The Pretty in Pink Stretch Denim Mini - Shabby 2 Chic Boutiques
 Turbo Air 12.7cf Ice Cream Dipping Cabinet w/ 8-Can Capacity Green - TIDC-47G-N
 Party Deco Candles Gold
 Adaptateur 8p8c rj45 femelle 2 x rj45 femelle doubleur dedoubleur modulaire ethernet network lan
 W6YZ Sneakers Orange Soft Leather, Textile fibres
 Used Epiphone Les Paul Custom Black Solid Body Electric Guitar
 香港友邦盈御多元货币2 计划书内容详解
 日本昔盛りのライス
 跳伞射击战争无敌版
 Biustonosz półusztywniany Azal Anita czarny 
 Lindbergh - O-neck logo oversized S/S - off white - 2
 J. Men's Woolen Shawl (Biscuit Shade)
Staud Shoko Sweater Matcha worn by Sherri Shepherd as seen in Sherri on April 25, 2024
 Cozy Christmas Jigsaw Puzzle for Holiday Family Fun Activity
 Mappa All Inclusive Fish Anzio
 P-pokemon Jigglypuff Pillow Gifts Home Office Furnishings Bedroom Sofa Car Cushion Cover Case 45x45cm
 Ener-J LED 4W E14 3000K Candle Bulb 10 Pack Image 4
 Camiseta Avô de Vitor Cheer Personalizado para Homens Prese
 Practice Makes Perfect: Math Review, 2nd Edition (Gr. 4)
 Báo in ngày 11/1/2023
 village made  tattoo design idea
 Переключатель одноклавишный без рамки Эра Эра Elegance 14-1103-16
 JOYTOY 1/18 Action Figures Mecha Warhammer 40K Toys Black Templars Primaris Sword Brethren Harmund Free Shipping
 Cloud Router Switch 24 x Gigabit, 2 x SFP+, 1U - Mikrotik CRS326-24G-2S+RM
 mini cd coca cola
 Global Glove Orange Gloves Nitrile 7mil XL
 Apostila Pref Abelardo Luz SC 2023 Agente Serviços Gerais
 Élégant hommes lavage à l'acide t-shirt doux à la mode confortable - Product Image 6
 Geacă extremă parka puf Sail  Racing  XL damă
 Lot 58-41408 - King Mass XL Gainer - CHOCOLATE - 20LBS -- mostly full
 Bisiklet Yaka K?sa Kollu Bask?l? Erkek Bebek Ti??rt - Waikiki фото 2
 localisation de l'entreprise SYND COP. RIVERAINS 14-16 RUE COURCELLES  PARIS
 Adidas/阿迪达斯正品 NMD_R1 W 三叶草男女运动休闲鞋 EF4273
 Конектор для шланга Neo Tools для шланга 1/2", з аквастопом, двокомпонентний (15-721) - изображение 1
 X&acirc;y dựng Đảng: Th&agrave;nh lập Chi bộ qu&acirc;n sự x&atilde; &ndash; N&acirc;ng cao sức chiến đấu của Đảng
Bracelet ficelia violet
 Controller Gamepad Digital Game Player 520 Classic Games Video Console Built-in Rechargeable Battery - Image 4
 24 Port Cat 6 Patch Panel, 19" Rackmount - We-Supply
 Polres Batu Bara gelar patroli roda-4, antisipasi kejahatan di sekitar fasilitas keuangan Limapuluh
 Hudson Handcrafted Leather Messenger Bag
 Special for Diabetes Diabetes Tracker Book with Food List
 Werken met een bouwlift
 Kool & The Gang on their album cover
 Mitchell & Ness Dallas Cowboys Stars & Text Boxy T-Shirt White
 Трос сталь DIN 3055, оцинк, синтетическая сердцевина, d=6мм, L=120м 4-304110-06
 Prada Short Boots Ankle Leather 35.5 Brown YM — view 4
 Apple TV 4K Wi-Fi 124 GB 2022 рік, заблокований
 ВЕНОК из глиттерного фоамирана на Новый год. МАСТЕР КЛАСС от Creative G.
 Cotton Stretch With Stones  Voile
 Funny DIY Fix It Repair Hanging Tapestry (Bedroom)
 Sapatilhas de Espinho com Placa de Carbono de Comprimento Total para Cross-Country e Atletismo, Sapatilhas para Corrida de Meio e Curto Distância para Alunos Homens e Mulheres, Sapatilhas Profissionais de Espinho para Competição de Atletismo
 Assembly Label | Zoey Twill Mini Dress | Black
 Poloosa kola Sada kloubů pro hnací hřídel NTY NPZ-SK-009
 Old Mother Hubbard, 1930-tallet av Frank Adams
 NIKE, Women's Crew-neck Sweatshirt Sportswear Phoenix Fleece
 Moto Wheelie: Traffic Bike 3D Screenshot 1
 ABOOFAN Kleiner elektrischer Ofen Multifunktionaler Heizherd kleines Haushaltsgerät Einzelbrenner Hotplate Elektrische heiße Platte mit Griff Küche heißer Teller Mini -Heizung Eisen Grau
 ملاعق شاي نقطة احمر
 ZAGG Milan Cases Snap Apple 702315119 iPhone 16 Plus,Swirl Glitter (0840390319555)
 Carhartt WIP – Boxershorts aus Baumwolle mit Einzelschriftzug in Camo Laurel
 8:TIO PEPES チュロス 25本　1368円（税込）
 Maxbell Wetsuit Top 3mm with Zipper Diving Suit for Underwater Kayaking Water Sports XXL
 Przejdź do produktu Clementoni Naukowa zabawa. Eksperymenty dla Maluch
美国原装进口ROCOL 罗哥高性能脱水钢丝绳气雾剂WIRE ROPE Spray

• • • • • • •

* What to produce
Among the entries above, copy exactly only the lines starting with the one containing "Apple TV 4K" and going through the one containing "Funny DIY Fix", both ends included.

* Answer for this exercise
 Apple TV 4K Wi-Fi 124 GB 2022 рік, заблокований
 ВЕНОК из глиттерного фоамирана на Новый год. МАСТЕР КЛАСС от Creative G.
 Cotton Stretch With Stones  Voile
 Funny DIY Fix It Repair Hanging Tapestry (Bedroom)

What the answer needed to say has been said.